* [Assignment]: For this exercise, an exact copy is needed of only the lines from the one containing "Weston House |" through the end of the data, with pictures left out.

* [Data section]:
______

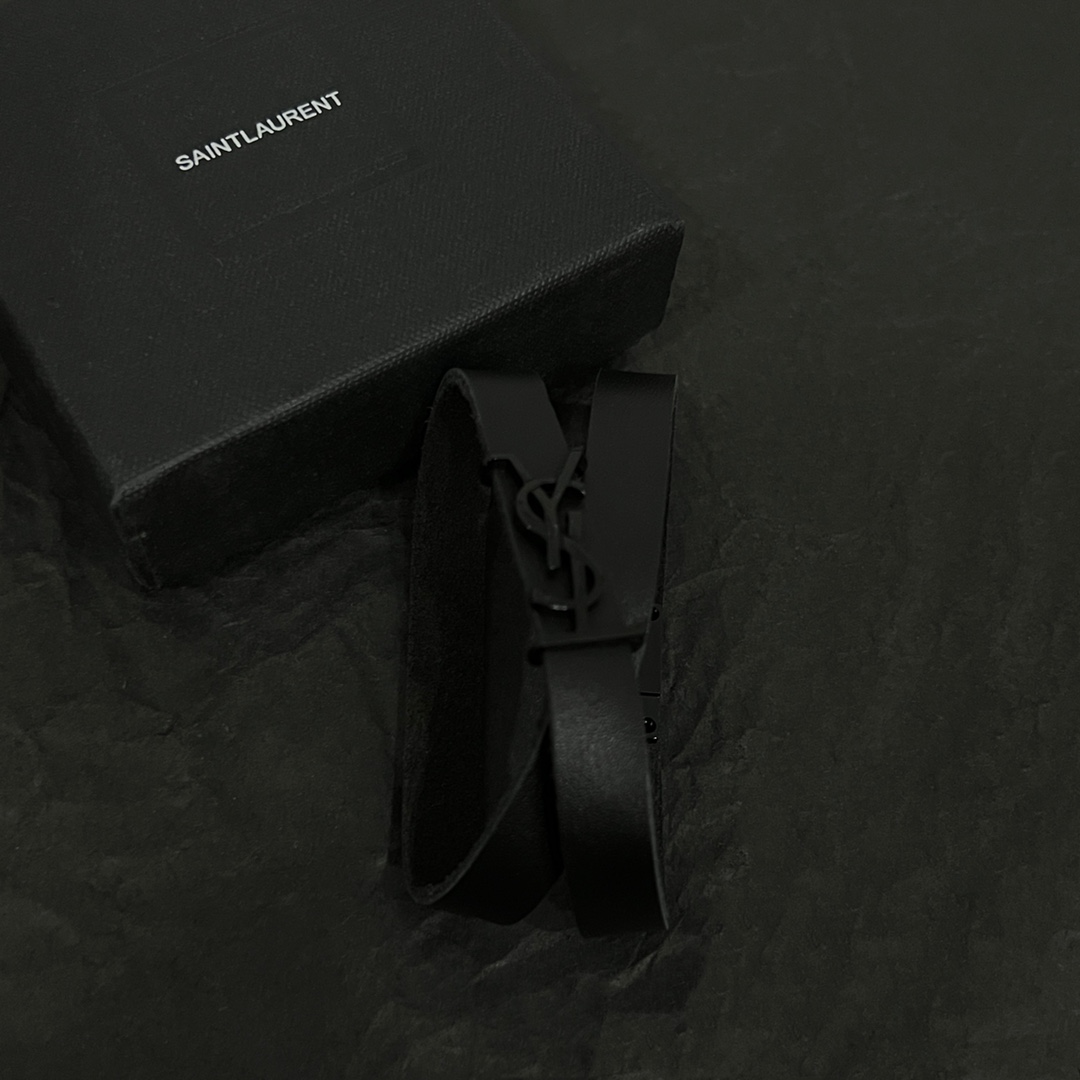 Saint Laurent Bracelet - EUR FASHION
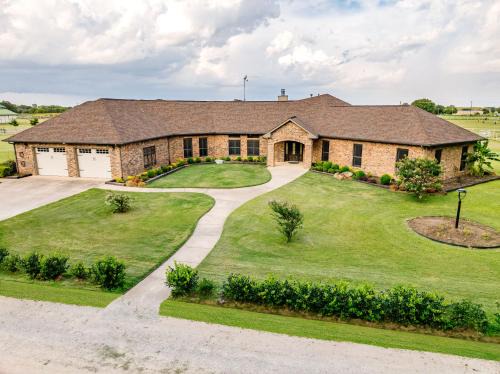 Weston House | Newly Renovated Private Ranch Get-A-Way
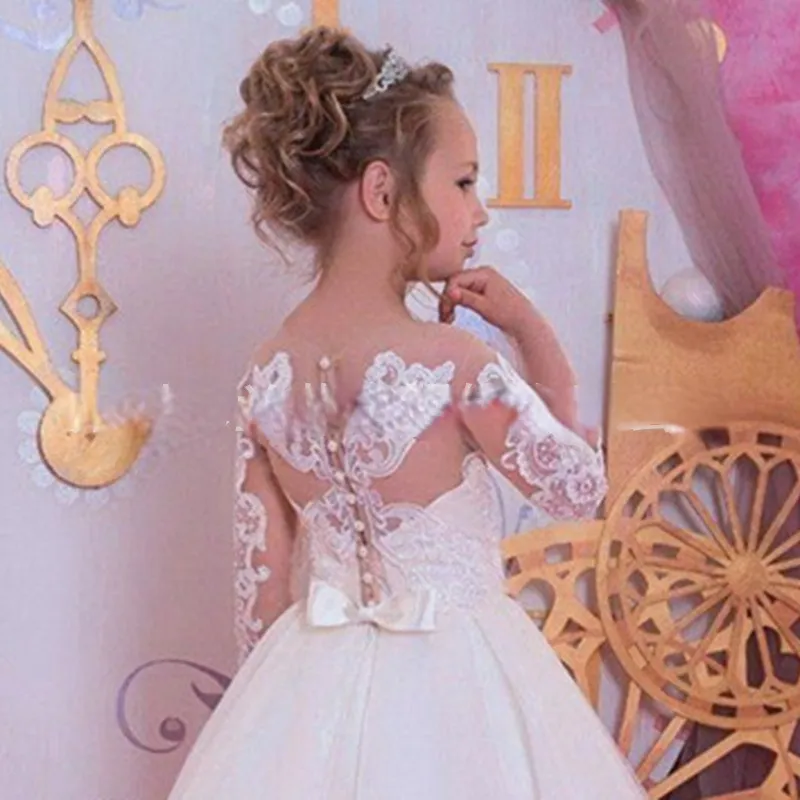 2022 Adorável vestidos de meninas de flores brancas para casamentos Scoop ruffles renda tule pérolas concurso de princesas para crianças vestidos de aniversário de casamento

______

* [Problem solution]:
 Weston House | Newly Renovated Private Ranch Get-A-Way
 2022 Adorável vestidos de meninas de flores brancas para casamentos Scoop ruffles renda tule pérolas concurso de princesas para crianças vestidos de aniversário de casamento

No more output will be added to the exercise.